Amidst Israel's military operations in Gaza, a Dutch court has ordered the Netherlands government to suspend the export of parts for F-35 fighter jets to Israel. The decision was made in response to concerns raised by human rights organizations, including Amnesty International and Oxfam.
The court ruled that there was a substantial risk that the exported parts were being utilized in "serious violations of international humanitarian law." The court specifically cited evidence suggesting that Israeli F-35s were being employed in attacks resulting in civilian casualties. The government's argument that a prior export permit exempted them from further scrutiny was dismissed.
In response, the Dutch government announced its intention to appeal the ruling to the Supreme Court. According to the government, the F-35 parts were crucial for Israel's defense against regional threats, such as Iran, Yemen, Syria, and Lebanon.
Human rights organizations have condemned the government's continued arms supply to Israel, accusing it of complicity in war crimes.

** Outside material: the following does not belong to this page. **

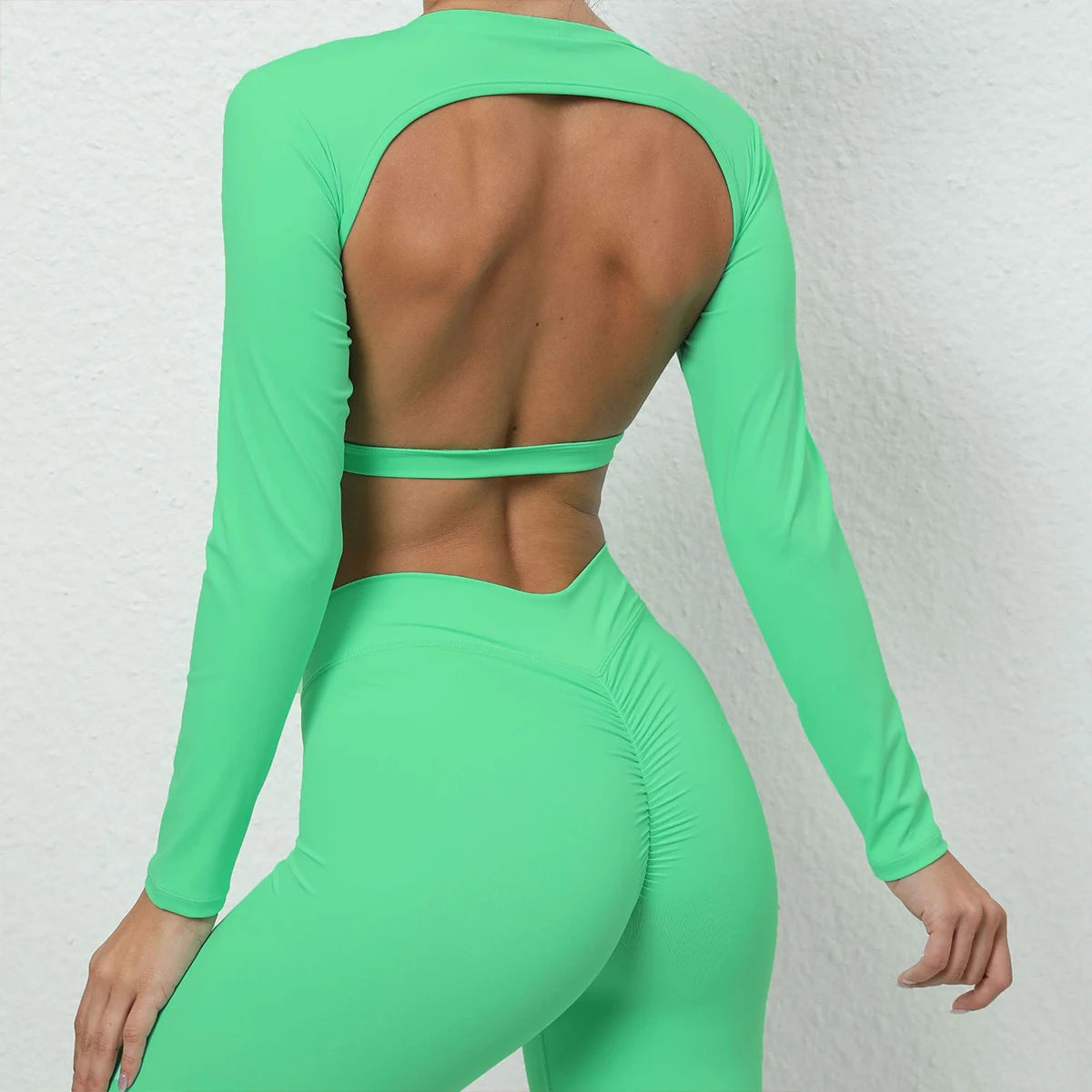 Sexy Long Sleeve Yoga Backless Top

The organizations assert that the exports contribute to Israel's "wide-scale and serious violations of humanitarian law" in Gaza.
The appeals court's decision overrides a lower court ruling from December, which had dismissed a similar case. The appeals court emphasized that political and economic considerations should not override the clear risk of violating the laws of war. The court ordered the government to immediately halt all exports of fighter jet parts to Israel.